Friday, January 4, 2008

Gastronomy - Pico Islands - Traditional Food Specialties - Azores

Torresmos de porco (small browned rashers of bacon), morcela (blood pudding), linguiça com inhames (Portuguese sausage with yams) and molha de carne (a meat speciality) are the main dishes of a cuisine which, with caldo de peixe (fish soup), polvo guisado em vinho (octopus stewed in wine) and bolo-de-milho (prepared with maize), delights ail hearty eaters. Those who like shell-fish will find worthy companions for their appetite in the local lobsters, deep-water crabs and cavacos. The soft, white fresh cheese of Pico is a good start to a meal, which can end with the typical, delicious cheese of São João, with its yellow rind, soft interior and intense smell, produced from cow's milk.
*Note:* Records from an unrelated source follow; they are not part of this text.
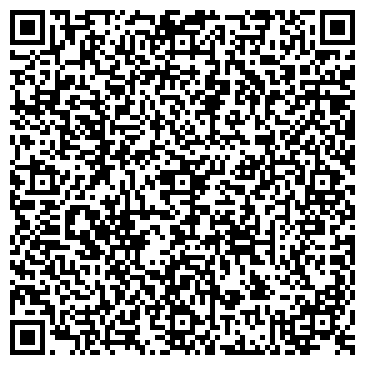 QR-код с контактной информацией организации "Старый Пафос"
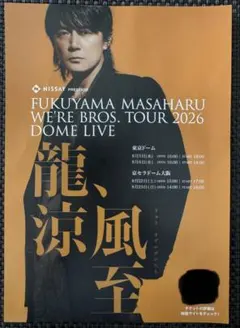2026年最新】福山雅治 ポスターの人気アイテム - メルカリ
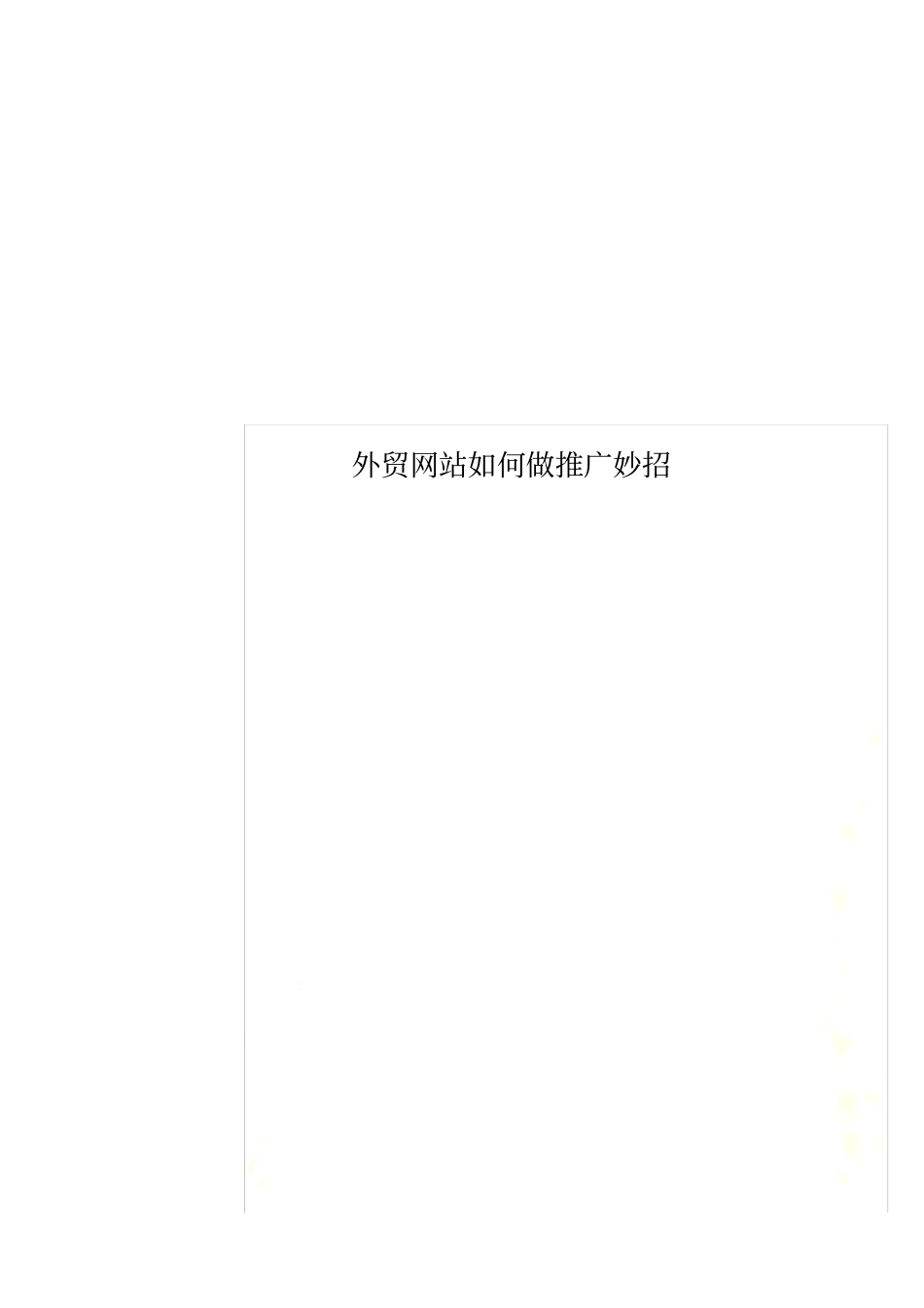 外贸网站如何做推广妙招_第1页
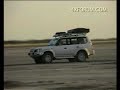Driving on Salt Pans Driving on Salt Pans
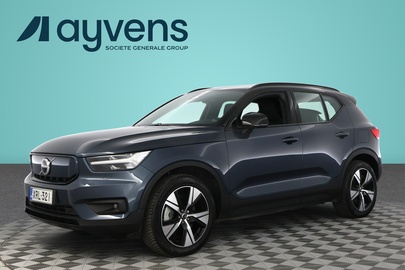 Volvo XC40 vaihtoauto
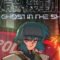 01-teaservisualver-hs-re.jpg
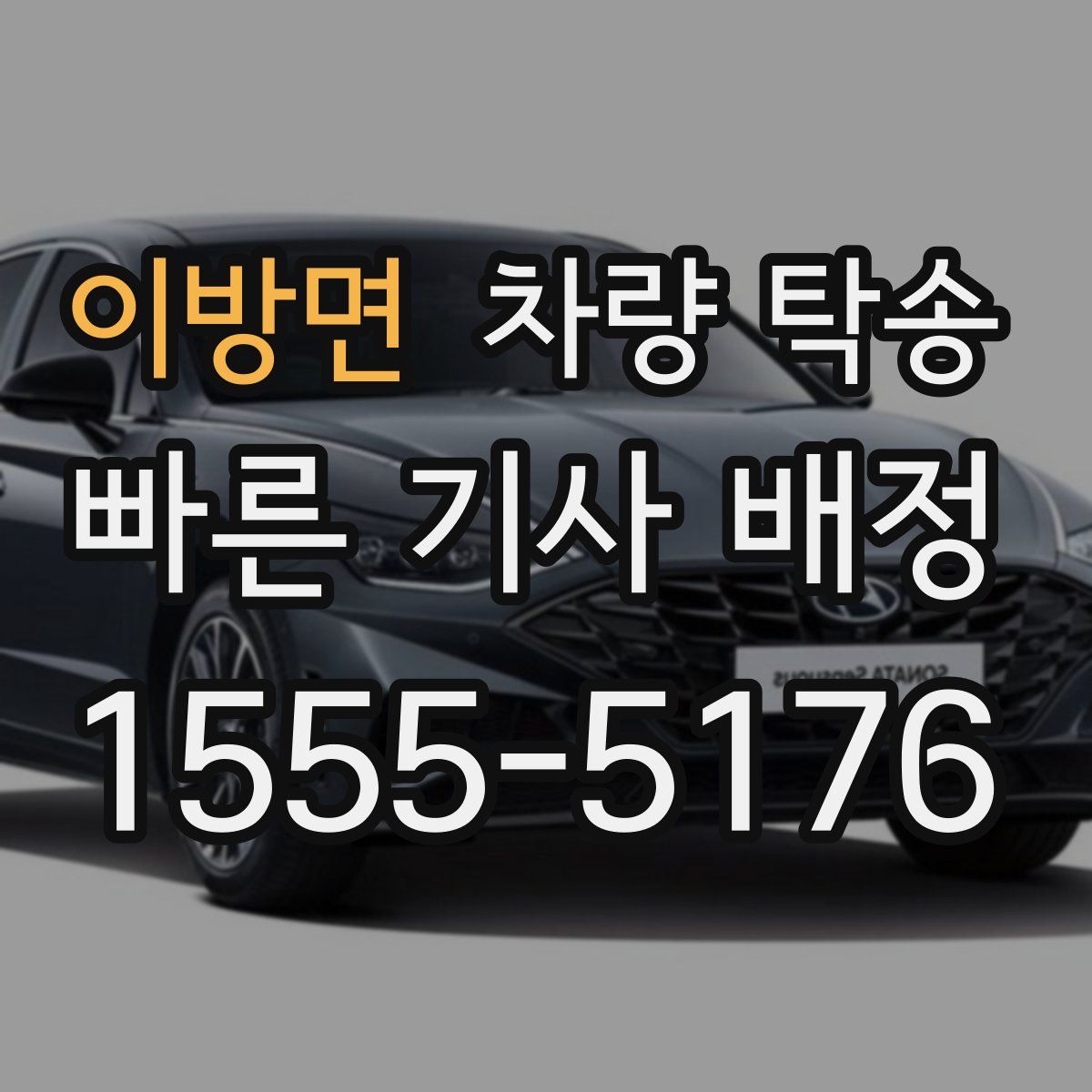 이방면 차량 탁송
Massa sovada, rosquilhas, vésperas and arroz doce are the typical sweets of the island, connected with the Holy Ghost Festivals. They are completed by the Carnival sweets, the filhoses, coscorões and sonhos. Fig and local brandies, made in old copper stills, are digestive beverages that are much appreciated. For those who like sweet drinks, Pico can offer the typical angelica.

Inhames

A famous "verdelho"
Born on the soil of lava, protected from the wind by walls of rough, dark stone, warmed by the rays of the sun, the bunches of grapes acquire the sweetness of honey. Squeezed, they produce a dry white wine with an alcoholic content of 15 to 17 degrees which, after ageing serves as an excellent appetiser. In the last century it was exported to many countries in Europe and America and even reached the tables of the Russian Court. The vineyards, which mark the landscape of the island, also produce a dry, fresh, light and fruity wine that is the ideal companion of a dish of shell-fish or fish, and also the red vinho de cheiro whose presence is compulsory on tables on feast days.

The orchard island
The ground made of lava, the sun and the dry climate make Pico the orchard of the Azores, where apple and pear trees, damson and peach trees, plum and orange trees flourish and produce sweet, juicy fruits that are taken early in the morning on the fruit boats to the town of Horta by the men and women who sell them there. But it is the figs, with an interior that is as red as rubies, a true delicacy for gourmets, that best symbolise the delicious fruit of Pico.